In Bordeaux: the “Ban des vendanges” in Saint-Emilion. The Ban represents the administrative authorization to harvest. It means that the harvests can begin on the date set. Organized by the Jurade de Saint-Emilion in traditional costumes, it is an opportunity to go back in time and to immerse into the tradition of the ancestors in a spirit of conviviality. Perhaps you will be honored as well?
In Burgundy: the legendary “Paulée de Meursault” celebrates the end of the harvests with a dinner where 800 guests are seated at the Château de Meursault. It is the last part of the “three glorious”, these three Burgundian events which aim to end the season with panache and conviviality. The two others being a dinner at the Clos de Vougeot with the Confrérie des Chevaliers des Tastevins, and the famous Hospices de Beaune auctions.
Beware these events are extremely popular!
In the world
What if you went dancing in the traditional “lagares” in Portugal? These large granite vats that look like basins, were and still are for some people used to tread/crush the grapes, and thus start the fermentation process to produce Porto. Beware however, this activity is very physical!
In the United States, there are many great festivals that bring together the different wineries, such as in the Paso Robles region, during the “Harvest Wine Weekend“, or in the beautiful region of Sonoma, where the “World Championship Grape Stompers” are held, a world championship where the grapes must be crushed as quickly as possible!

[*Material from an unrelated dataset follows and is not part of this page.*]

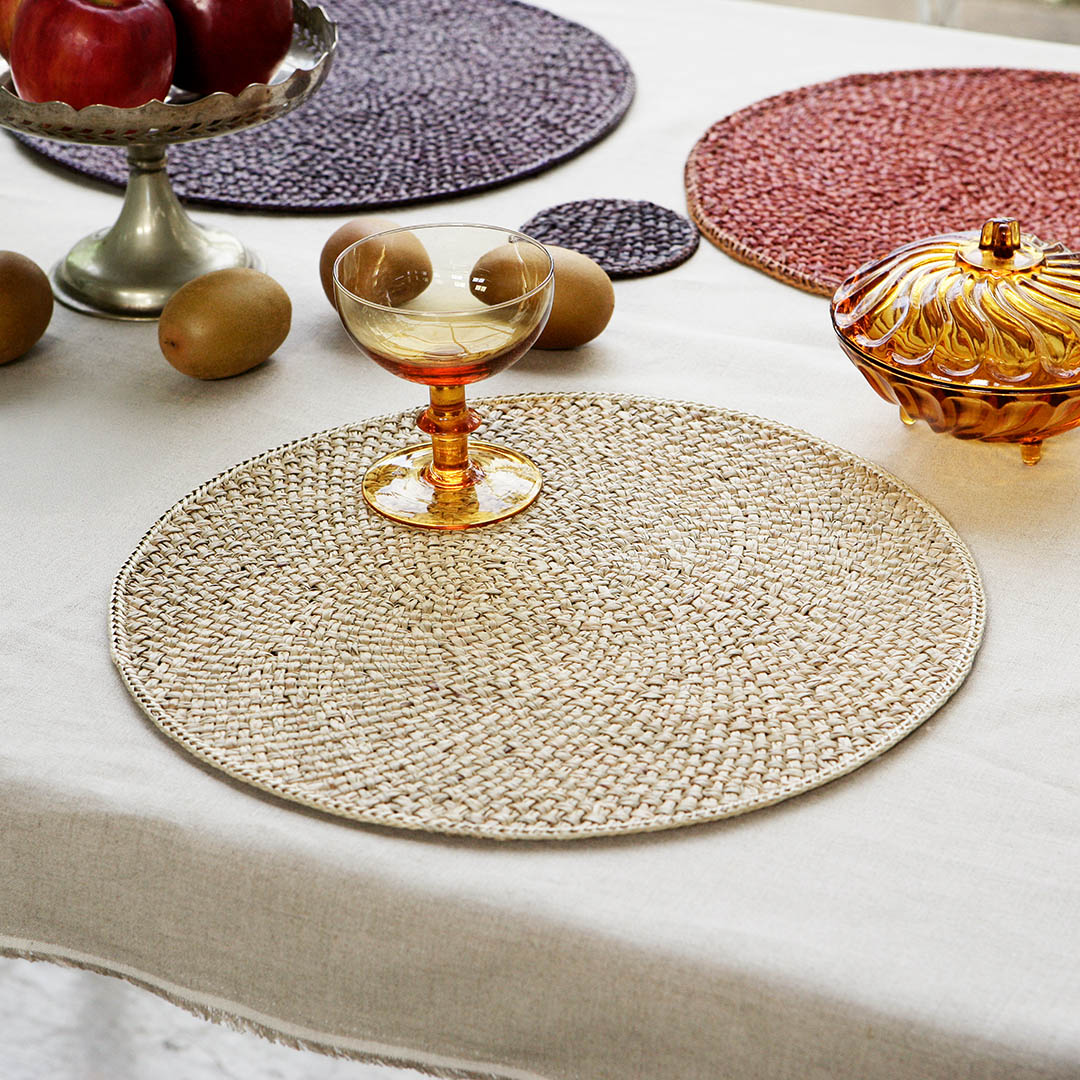 PLACE MAT SEAGRASS NATURAL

To sum up the grape harvests
The harvests represent a key moment in the life of a winery and for the regions that produce wine. It is the occasion to celebrate many festivities that represent for many an opportunity to bond over a common experience. For just as it is necessary to ensure the oxygenation of the wine, it is also necessary to ensure that the mind breathes. Just like wine, we become more open!